ASSIGNMENT >>
The answer must be an exact reprint of the lines from the one with "Young Hispanic Woman" through the final line of the data, with no pictures included.

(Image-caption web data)
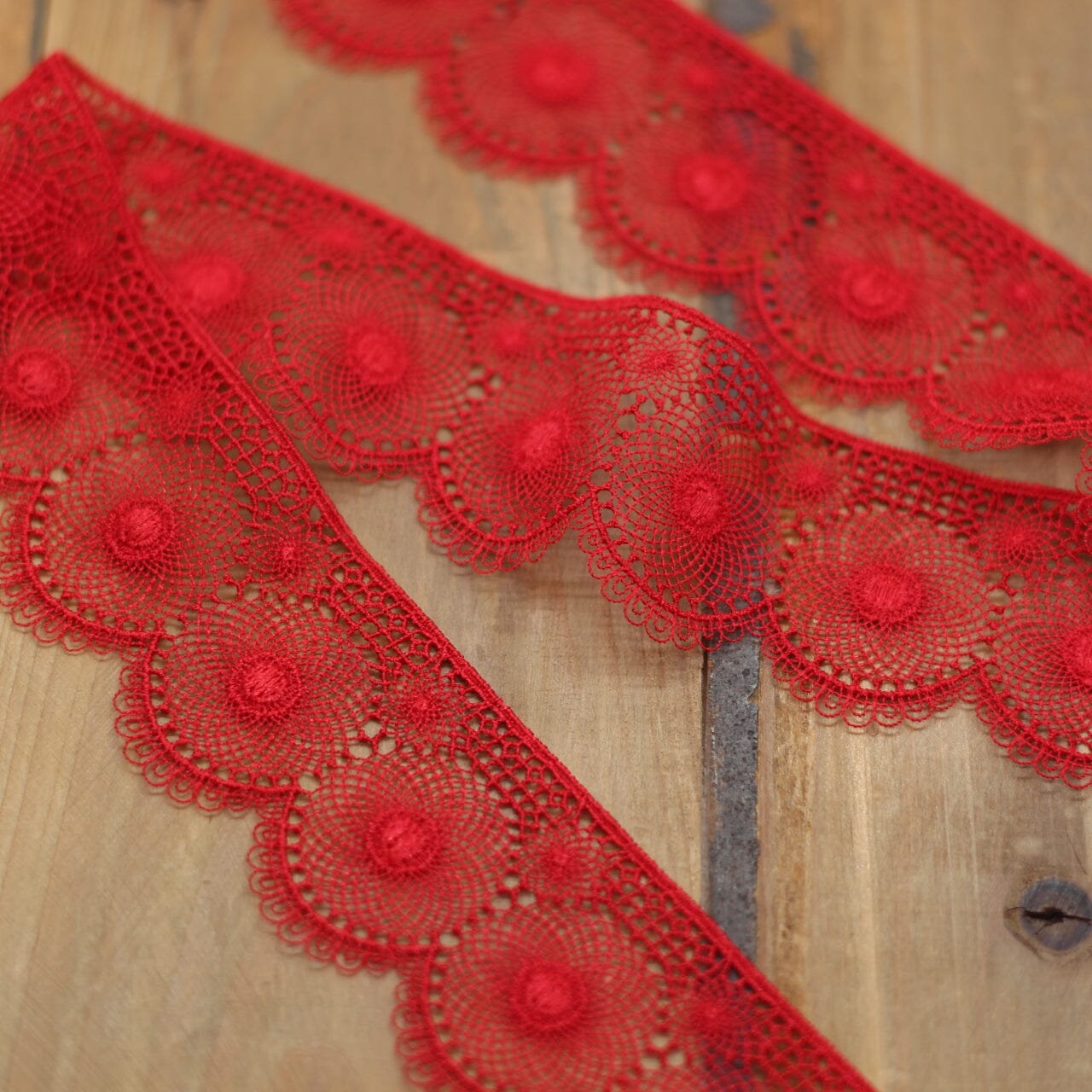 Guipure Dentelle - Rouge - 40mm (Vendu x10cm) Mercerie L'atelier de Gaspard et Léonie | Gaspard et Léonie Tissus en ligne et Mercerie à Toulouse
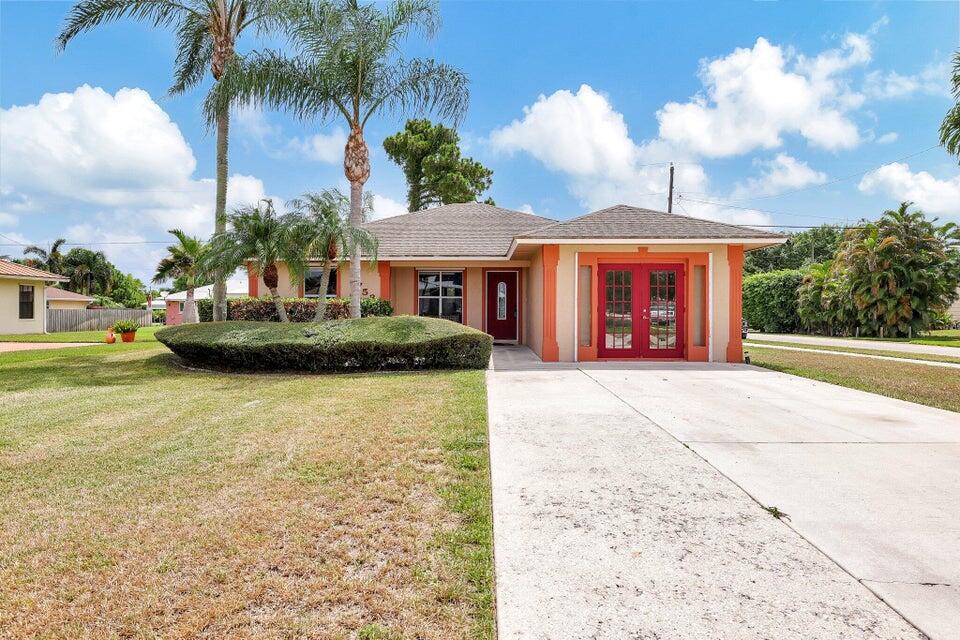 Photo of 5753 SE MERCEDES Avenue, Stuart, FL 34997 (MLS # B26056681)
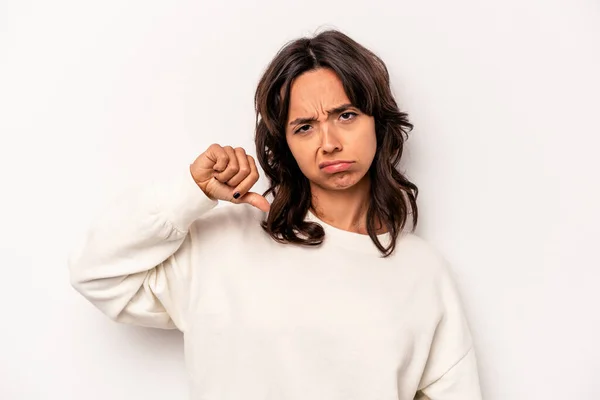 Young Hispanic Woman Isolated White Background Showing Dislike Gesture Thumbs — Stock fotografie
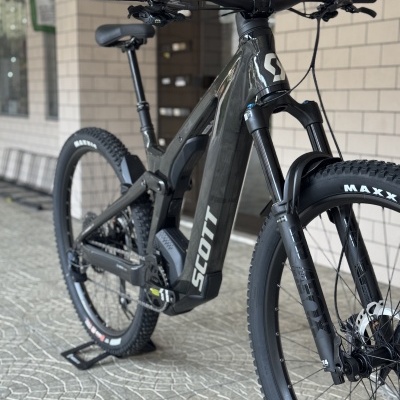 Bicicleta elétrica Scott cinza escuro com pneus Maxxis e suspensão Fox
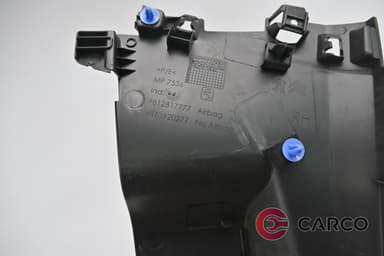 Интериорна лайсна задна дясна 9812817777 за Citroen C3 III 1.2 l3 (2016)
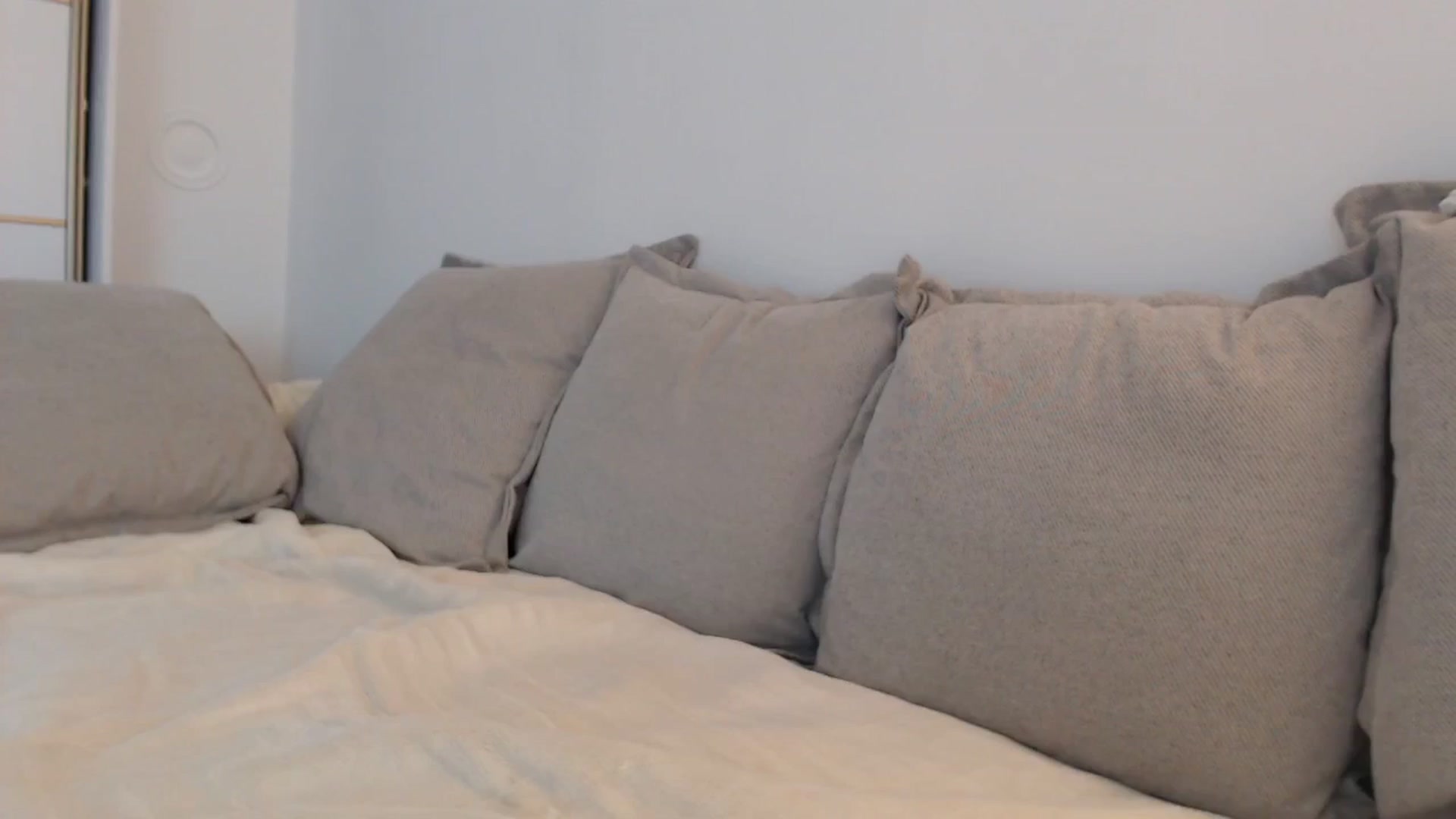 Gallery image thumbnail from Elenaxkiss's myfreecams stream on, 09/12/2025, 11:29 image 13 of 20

EXERCISE SOLUTION >>
 Young Hispanic Woman Isolated White Background Showing Dislike Gesture Thumbs — Stock fotografie
 Bicicleta elétrica Scott cinza escuro com pneus Maxxis e suspensão Fox
 Интериорна лайсна задна дясна 9812817777 за Citroen C3 III 1.2 l3 (2016)
 Gallery image thumbnail from Elenaxkiss's myfreecams stream on, 09/12/2025, 11:29 image 13 of 20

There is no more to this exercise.